The matrix has full rank when all variables are assigned the same value $x\in (0,1)$. Under this assignment the matrix becomes

$$ \left[\begin{array}{cccc} 0&r&\cdots&r\\ r&0&\cdots&r\\ \vdots&\vdots&\ddots&\vdots\\ r&r&\cdots&0 \end{array} \right] = r(J-I) $$ where $r = \binom{n-2}{k-1}x^{n-k-1}\left(1-x\right)^{k-1}$, $I$ is the $n\times n$ identity matrix, and $J$ is the $n\times n$ matrix of all $1$'s.

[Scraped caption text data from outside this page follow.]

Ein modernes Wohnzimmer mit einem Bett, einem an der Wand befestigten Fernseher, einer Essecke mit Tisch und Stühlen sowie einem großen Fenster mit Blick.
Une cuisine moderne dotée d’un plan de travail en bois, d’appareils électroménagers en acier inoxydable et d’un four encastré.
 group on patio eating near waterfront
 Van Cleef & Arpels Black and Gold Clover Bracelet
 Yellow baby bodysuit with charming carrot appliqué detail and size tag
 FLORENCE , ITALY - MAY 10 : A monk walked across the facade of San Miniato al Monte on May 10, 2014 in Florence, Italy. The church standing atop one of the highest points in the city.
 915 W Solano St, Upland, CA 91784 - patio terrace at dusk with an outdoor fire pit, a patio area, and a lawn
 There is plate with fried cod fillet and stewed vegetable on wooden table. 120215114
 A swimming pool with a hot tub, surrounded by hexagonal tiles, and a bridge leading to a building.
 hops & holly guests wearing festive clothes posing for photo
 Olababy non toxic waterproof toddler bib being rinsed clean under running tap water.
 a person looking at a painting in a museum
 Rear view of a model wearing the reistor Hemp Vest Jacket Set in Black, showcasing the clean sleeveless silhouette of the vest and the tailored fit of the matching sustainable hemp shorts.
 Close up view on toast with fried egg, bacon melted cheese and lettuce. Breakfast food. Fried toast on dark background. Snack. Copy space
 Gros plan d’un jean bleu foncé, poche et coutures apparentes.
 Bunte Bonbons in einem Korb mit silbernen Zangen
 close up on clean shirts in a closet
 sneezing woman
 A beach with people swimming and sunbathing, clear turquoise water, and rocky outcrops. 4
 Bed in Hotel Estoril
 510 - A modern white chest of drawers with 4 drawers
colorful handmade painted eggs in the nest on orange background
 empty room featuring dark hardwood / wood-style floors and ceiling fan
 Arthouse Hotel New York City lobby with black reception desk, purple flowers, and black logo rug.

The matrix $J$ has rank 1 and trace $n$, so its e-values are $0$ (multiplicity $n-1$) and $n$ (multiplicity $1$). Therefore the e-values of $J-I$ are $-1$ (multiplicity $n-1$) and $n-1$ (multiplicity $1$). Hence the determinant of $J-I$ is $(-1)^{n-1}(n-1)$. Hence the determinant of your matrix, after every variable has been assigned the value $x$, is $(-1)^{n-1}(n-1)\left[\binom{n-2}{k-1}x^{n-k-1}\left(1-x\right)^{k-1}\right]^n$, which is not zero when $x\in (0,1)$.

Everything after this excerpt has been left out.